L'infortunio in itinere nella legislazione infortunistica (art. 12 decreto leg.vo n. 38/2000)
Mentre, come sopra evidenziato, il Consiglio di Stato continua a pronunciarsi in termini positivi accogliendo e quindi riconoscendo casi di infortuni in itinere di pubblici dipendenti, di recente la Cassazione si è invece pronunciata negativamente, per ben due volte (Cass. n. 995/2007 e Cass. n. 17167/2006), ribaltando, a nostro avviso un orientamento che, soprattutto negli ultimi anni si era andato consolidando.
In entrambi i casi discussi in Cassazione è stata negata l'indennizzabilità dell'infortunio in quanto non dimostrata la "necessità" dell'uso del mezzo privato di trasporto per raggiungere il posto di lavoro.
Come è noto, infatti, il legislatore nel disciplinare la questione relativa al tipo di mezzo di trasporto prescelto dal lavoratore per coprire l'iter protetto, ha affermato che "l'assicurazione opera anche nel caso di utilizzo del mezzo privato, purché "necessitato" (art. 13 decreto leg.vo n. 38/2000).
Tale disposizione pone, ogni qual volta ci troviamo ad affrontare un caso, rilevanti problemi interpretativi ed applicativi connessi alla difficoltà di definire con sufficiente certezza il senso da attribuire al parametro della necessità.
Dalla fine degli anni '90 però si è andata affermando una interpretazione evolutiva che, richiamando i principi costituzionali posti a salvaguardia dei diritti fondamentali del lavoratore, anche con riferimento alle sue esigenze umane, familiari ed economico sociali ha, in definitiva, identificato il termine "necessitato" con quello più ampio di "giustificato"( in tal senso Cass. 659/2002 , Cass. 10750/2001).
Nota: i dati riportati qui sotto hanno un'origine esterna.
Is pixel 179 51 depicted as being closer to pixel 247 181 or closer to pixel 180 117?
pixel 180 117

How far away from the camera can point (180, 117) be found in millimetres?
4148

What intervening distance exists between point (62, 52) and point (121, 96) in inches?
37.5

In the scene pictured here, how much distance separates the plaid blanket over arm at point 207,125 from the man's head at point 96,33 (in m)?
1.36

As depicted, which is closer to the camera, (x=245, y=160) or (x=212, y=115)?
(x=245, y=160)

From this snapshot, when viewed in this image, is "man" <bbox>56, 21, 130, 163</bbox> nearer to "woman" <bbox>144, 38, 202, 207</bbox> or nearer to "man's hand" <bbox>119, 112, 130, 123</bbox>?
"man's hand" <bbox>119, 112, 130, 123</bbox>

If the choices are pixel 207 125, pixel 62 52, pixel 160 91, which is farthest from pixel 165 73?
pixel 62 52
Significative infatti appaiono le argomentazioni che si ritrovano in tali sentenze secondo cui si deve ritenere necessitato l'uso del mezzo privato "per evitare una significativa misura di dispersione di tempo determinata dall'uso del mezzo pubblico", o ancora, "per /' esigenza di raggiungere in maniera più riposata e distesa il luogo di lavoro sì da assicurare un più profìcuo apporto all'organizzazione produttiva nella quale il lavoratore è inserito", o ancora," per l'esigenze di un più intenso rapporto con la comunità familiare", e cosi via.
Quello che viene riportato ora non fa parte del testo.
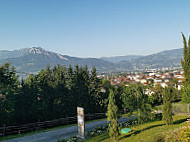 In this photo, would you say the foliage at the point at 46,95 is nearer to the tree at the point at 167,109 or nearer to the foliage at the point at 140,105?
the foliage at the point at 140,105

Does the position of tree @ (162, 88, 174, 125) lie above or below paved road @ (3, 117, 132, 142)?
above

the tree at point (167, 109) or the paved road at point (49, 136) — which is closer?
the tree at point (167, 109)

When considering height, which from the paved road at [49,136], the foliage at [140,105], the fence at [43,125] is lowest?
the fence at [43,125]

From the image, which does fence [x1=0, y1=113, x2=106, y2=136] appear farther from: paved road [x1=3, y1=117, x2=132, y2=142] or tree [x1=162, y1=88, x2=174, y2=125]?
tree [x1=162, y1=88, x2=174, y2=125]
Orbene, nel recente pronunciamento (n. 995/2007), la Cassazione ha invece escluso la indennizzabilità dell'infortunio poiché "il risparmio dì quaranta minuti che la lavoratrice conseguiva con l'uso del mezzo privato configura solo "una mera comodità personale, trattandosi di differenza di tempo di entità modesta e sicuramente tollerabile".
Del tutto trascurate, inoltre, nella motivazione della sentenza, sono le osservazioni, già fatte presente dalla lavoratrice nei primi due gradi di giudizio, relative all'orario in cui doveva ogni giorno intraprendere il lavoro (ore 6.50 del mattino ) e la malattia pregressa all'infortunio (non è specificato quale!) da cui era afflitta, che rendeva ancora più inconciliabile l'uso dei mezzi pubblici con le sue esigenze familiari.
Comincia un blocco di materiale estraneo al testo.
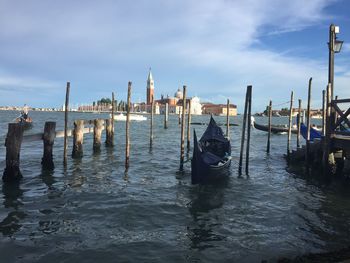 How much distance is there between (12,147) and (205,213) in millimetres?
5119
Anche nel secondo caso (sentenza n. 17167/2006) la Cassazione nega l'indennizzabilità dell'infortunio in itinere partendo dalla considerazione che il "risparmio di tempo di circa 25 minuti per ogni viaggio (si trattava di una lavoratrice part-time con orario variato di mese in mese) non era da considerare gravoso in relazione alle comuni esigenze di vita familiare".
Da quanto sopra detto, pur in presenza di sentenze che farebbero pensare ad una involuzione dell'orientamento giurisprudenziale, va sempre tenuto conto, nella trattazione delle singole fattispecie, delle moltissime e significative pronunce della Suprema Corte di diverso tenore che possono offrire elementi utili per la sostenibilità dei casi (in proposito vedi anche la casistica su "ipertesto" - i percorsi della tutela Infortuni e malattie professionali - www.inca.it/ipercorsi).
Da ultimo ci sembra utile evidenziare che, nella legislazione degli altri Paesi europei, la scelta del mezzo di trasporto non condiziona la copertura assicurativa, se non nei limiti di un uso ragionevole di un mezzo adeguato alla necessità dello spostamento.